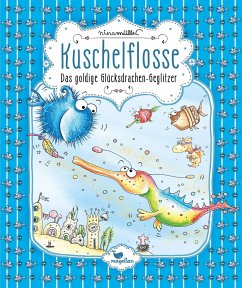 Das goldige Glücksdrachen-Geglitzer / Kuschelflosse Bd.7 - Müller, Nina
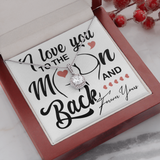 I Love You To The Moon And Back | Eternal Hope Necklace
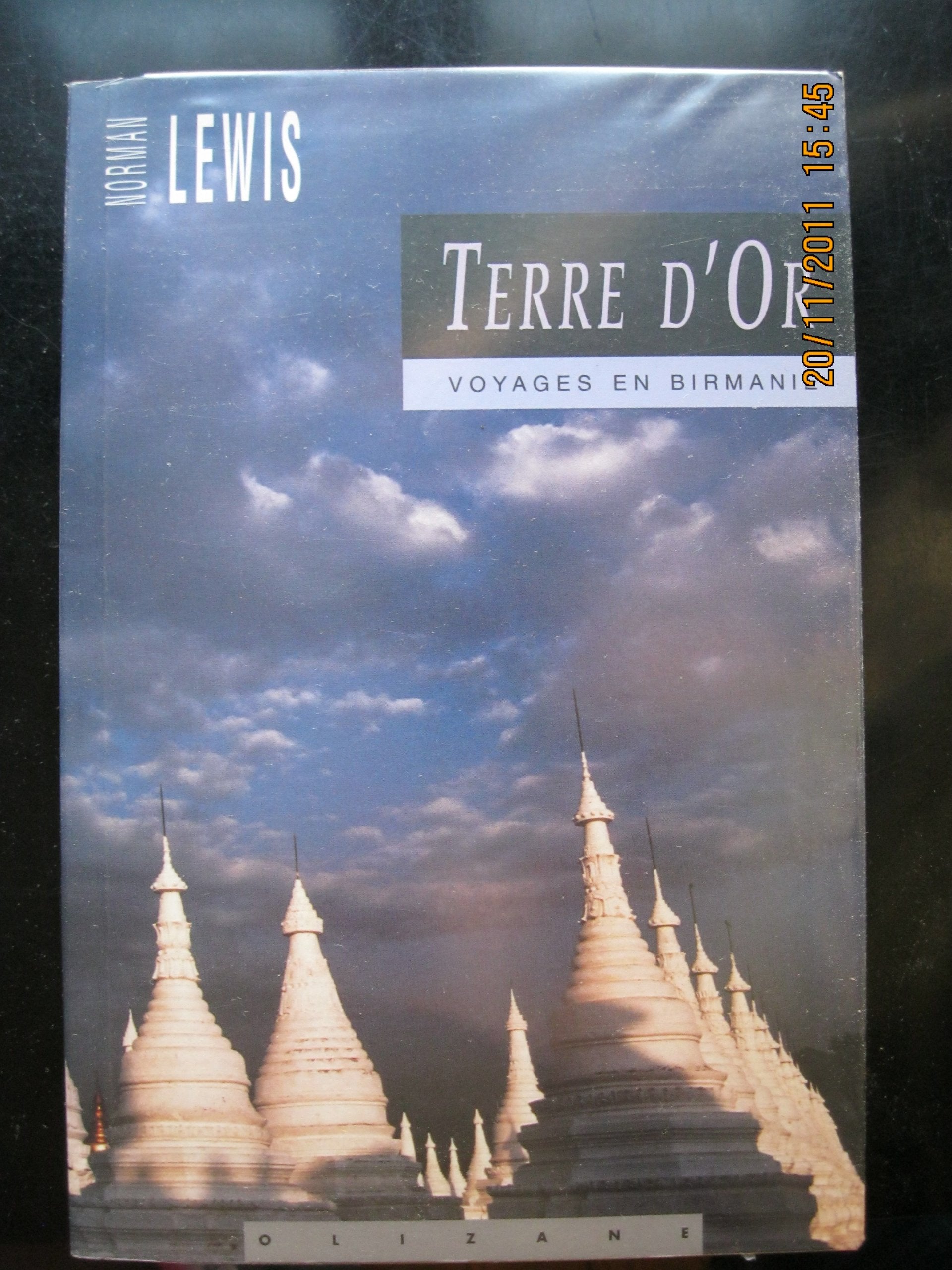 Terre d'or, voyages en birmanie (Objectif Terre) Books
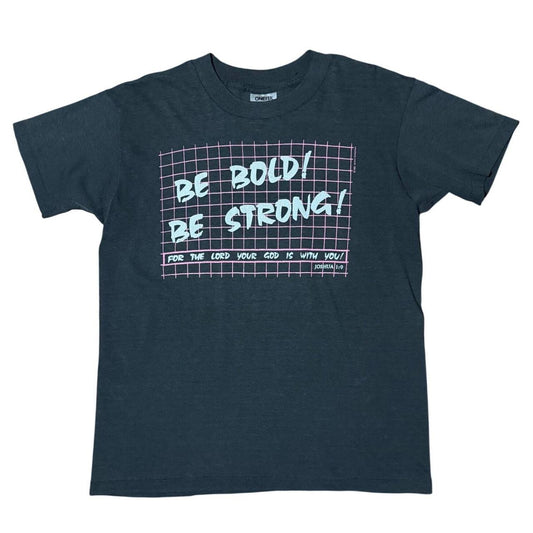 80s Religious Jesus God Prayer Bible Verse Be Bold Be Strong T-Shirt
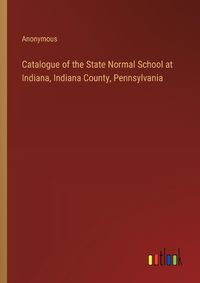 Cover image for Catalogue of the State Normal School at Indiana, Indiana County, Pennsylvania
================================
# [Activity]
Word for word, retype the lines from the one with "Terre d'or, voyages" through the final line of the data, both included. No pictures belong in the copy.

# [Task output]
 Terre d'or, voyages en birmanie (Objectif Terre) Books
 80s Religious Jesus God Prayer Bible Verse Be Bold Be Strong T-Shirt
 Cover image for Catalogue of the State Normal School at Indiana, Indiana County, Pennsylvania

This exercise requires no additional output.